TASK TO COMPLETE: Set down exactly the lines below between the line holding "3 kittens 8" and the line holding "Pom fructifer - Mar", inclusive; no other line belongs in the answer.

(Beginning of PROVIDED ENTRIES)

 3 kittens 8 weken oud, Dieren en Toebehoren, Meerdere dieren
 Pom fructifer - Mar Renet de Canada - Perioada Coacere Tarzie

(End of PROVIDED ENTRIES)
(Beginning of PROVIDED ENTRIES)

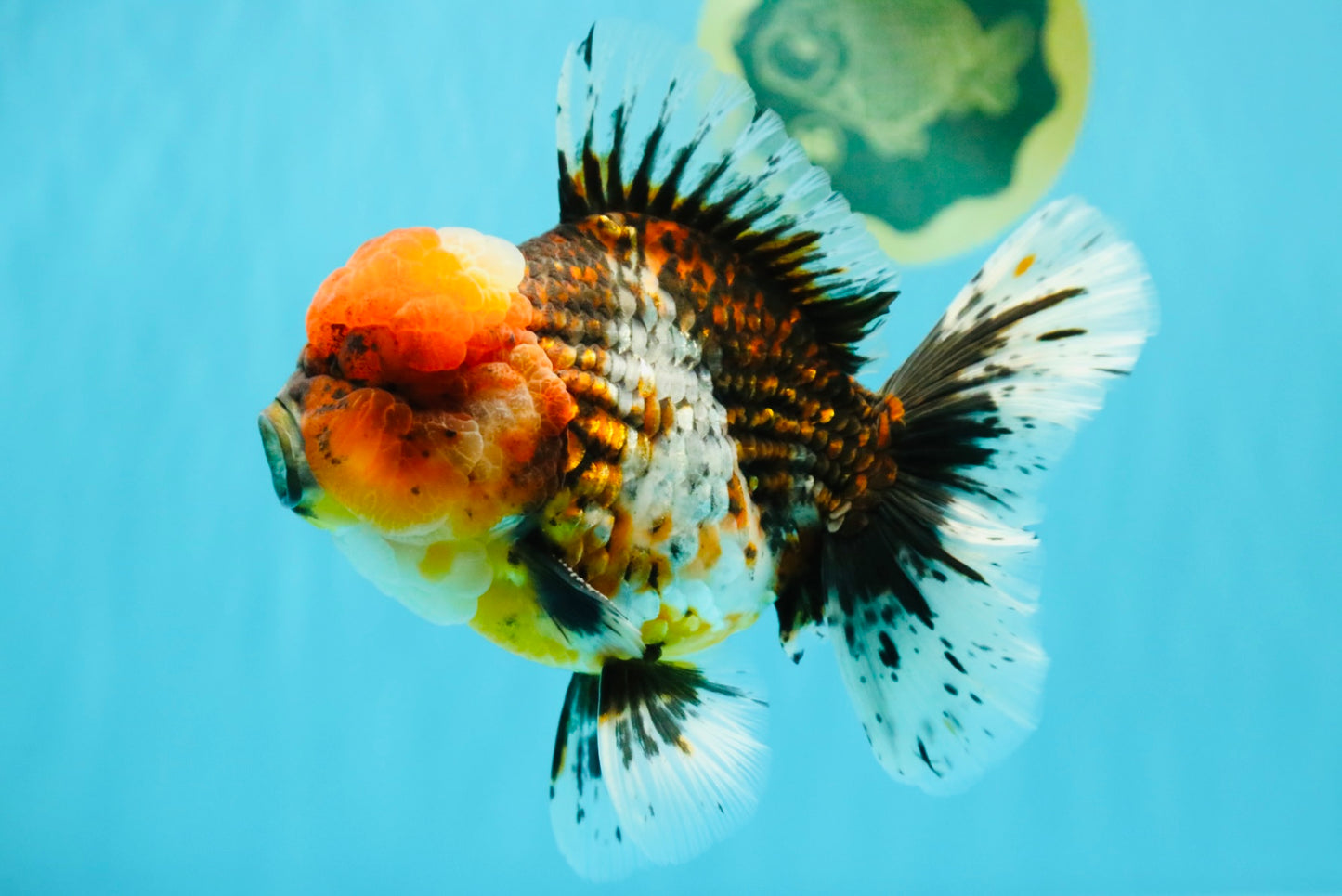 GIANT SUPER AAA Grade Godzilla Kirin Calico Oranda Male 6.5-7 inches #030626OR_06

(End of PROVIDED ENTRIES)

ANSWER SECTION:
 3 kittens 8 weken oud, Dieren en Toebehoren, Meerdere dieren
 Pom fructifer - Mar Renet de Canada - Perioada Coacere Tarzie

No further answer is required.